INSTRUCTIONS TO FOLLOW — Every line from the one containing "100ml EDP Lucius" through the end of the listing below goes in the output, exactly and without pictures.

DATASET CONTENT —
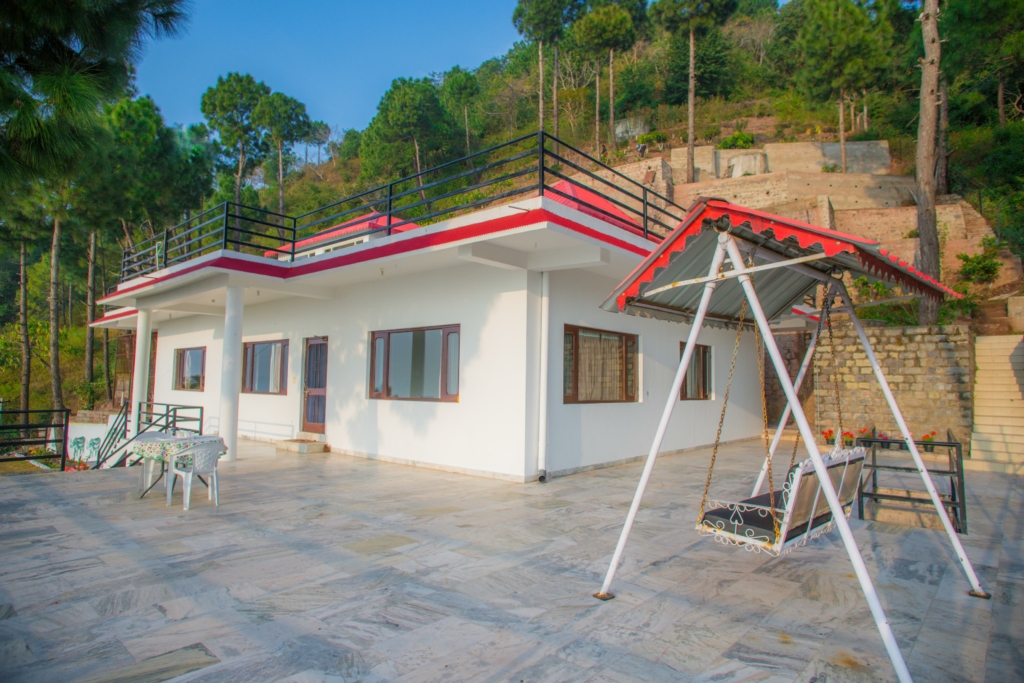 best homestay in Kasauli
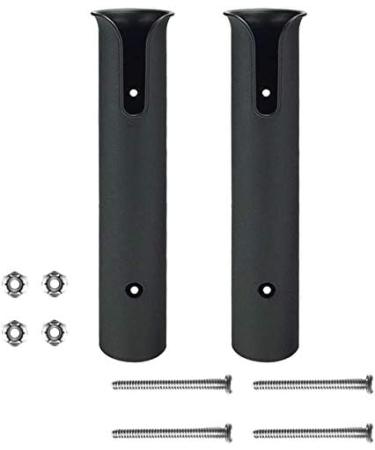 SHANGH 2 Pieces Rod Holder - Durable Boat Plastic Fishing Rod Support & Stand | Ideal for Fishing Enthusiasts - Buy Online on GoSupps.com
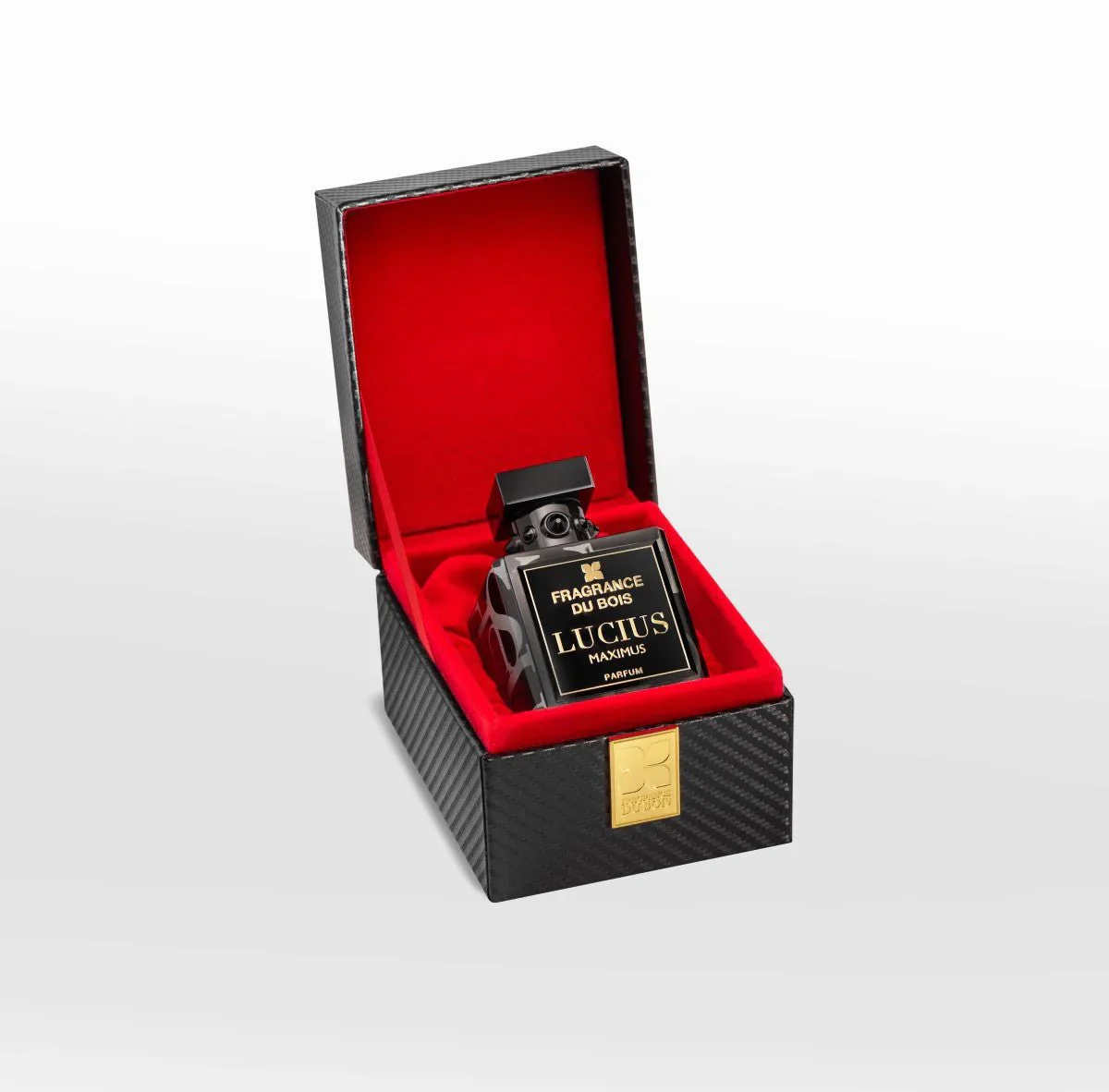 100ml EDP Lucius Maximus By Fragrance Du Bois - Image 3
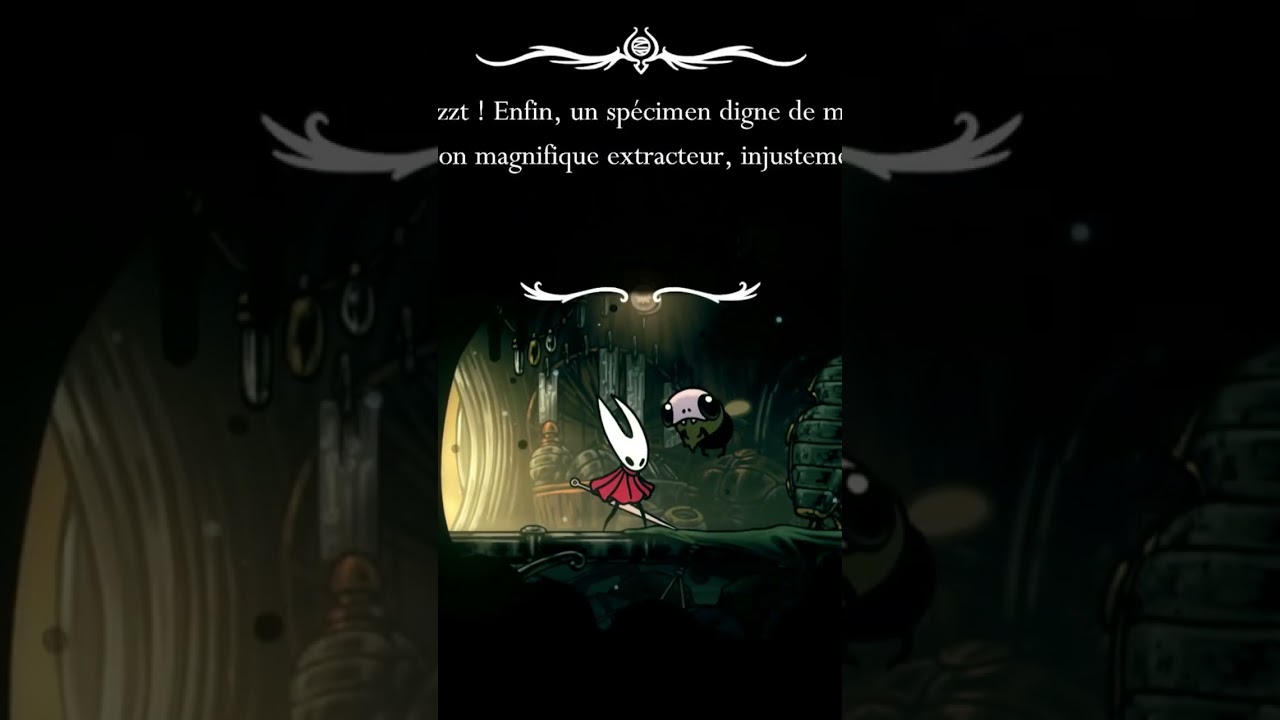 LE DÉPARASITAGE!! OSECOURS | Hollow Knight: Silksong |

EXPECTED ANSWER —
 100ml EDP Lucius Maximus By Fragrance Du Bois - Image 3
 LE DÉPARASITAGE!! OSECOURS | Hollow Knight: Silksong |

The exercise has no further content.